**Available data:**
━━━━━━━━━━

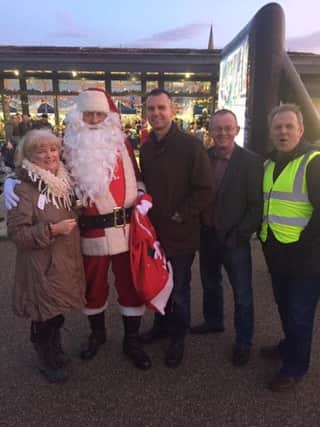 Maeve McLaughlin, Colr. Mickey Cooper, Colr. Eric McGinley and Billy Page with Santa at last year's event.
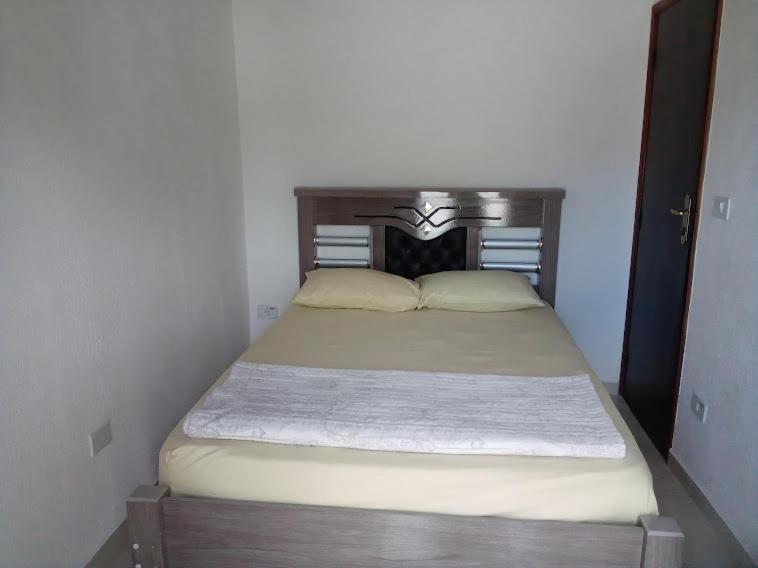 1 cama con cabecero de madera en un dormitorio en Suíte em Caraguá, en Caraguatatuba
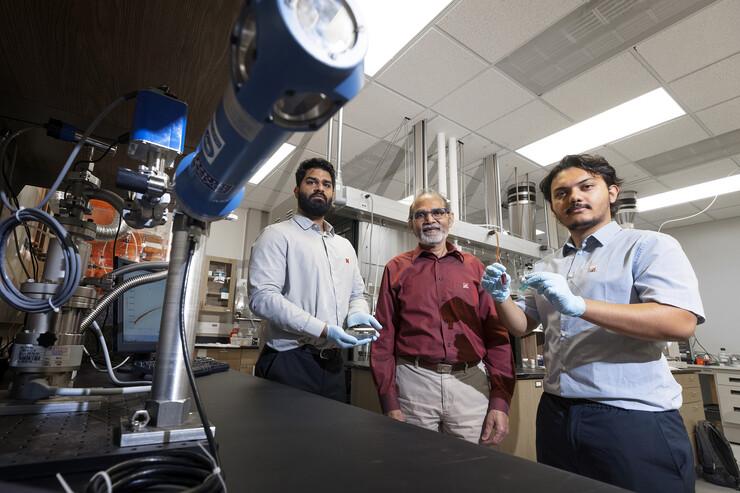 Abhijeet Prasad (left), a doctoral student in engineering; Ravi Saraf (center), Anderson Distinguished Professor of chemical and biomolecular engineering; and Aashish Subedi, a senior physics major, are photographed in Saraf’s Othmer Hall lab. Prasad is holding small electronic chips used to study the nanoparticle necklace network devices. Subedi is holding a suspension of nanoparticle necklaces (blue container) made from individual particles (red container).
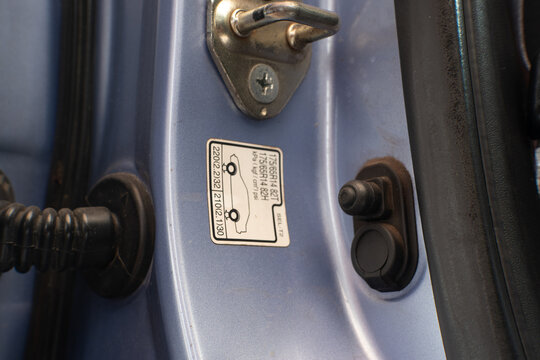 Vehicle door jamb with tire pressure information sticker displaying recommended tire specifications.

━━━━━━━━━━

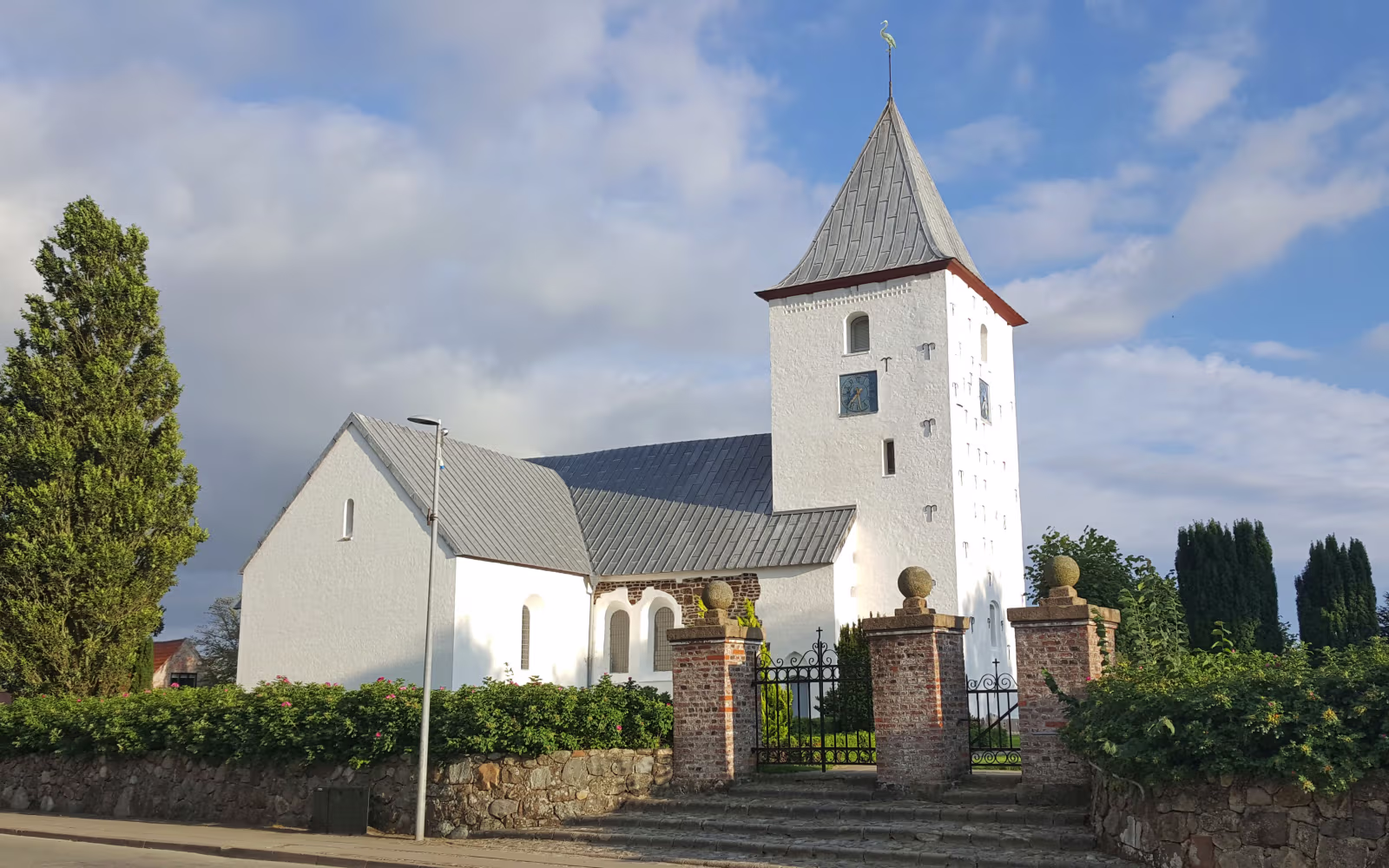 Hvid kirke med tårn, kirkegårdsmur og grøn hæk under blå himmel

━━━━━━━━━━

**Work task:** Only one stretch of the material above is wanted: the line containing "Maeve McLaughlin, Colr." through the line containing "Vehicle door jamb". Restate it word for word, minus the pictures.

**Task solution:**
 Maeve McLaughlin, Colr. Mickey Cooper, Colr. Eric McGinley and Billy Page with Santa at last year's event.
 1 cama con cabecero de madera en un dormitorio en Suíte em Caraguá, en Caraguatatuba
 Abhijeet Prasad (left), a doctoral student in engineering; Ravi Saraf (center), Anderson Distinguished Professor of chemical and biomolecular engineering; and Aashish Subedi, a senior physics major, are photographed in Saraf’s Othmer Hall lab. Prasad is holding small electronic chips used to study the nanoparticle necklace network devices. Subedi is holding a suspension of nanoparticle necklaces (blue container) made from individual particles (red container).
 Vehicle door jamb with tire pressure information sticker displaying recommended tire specifications.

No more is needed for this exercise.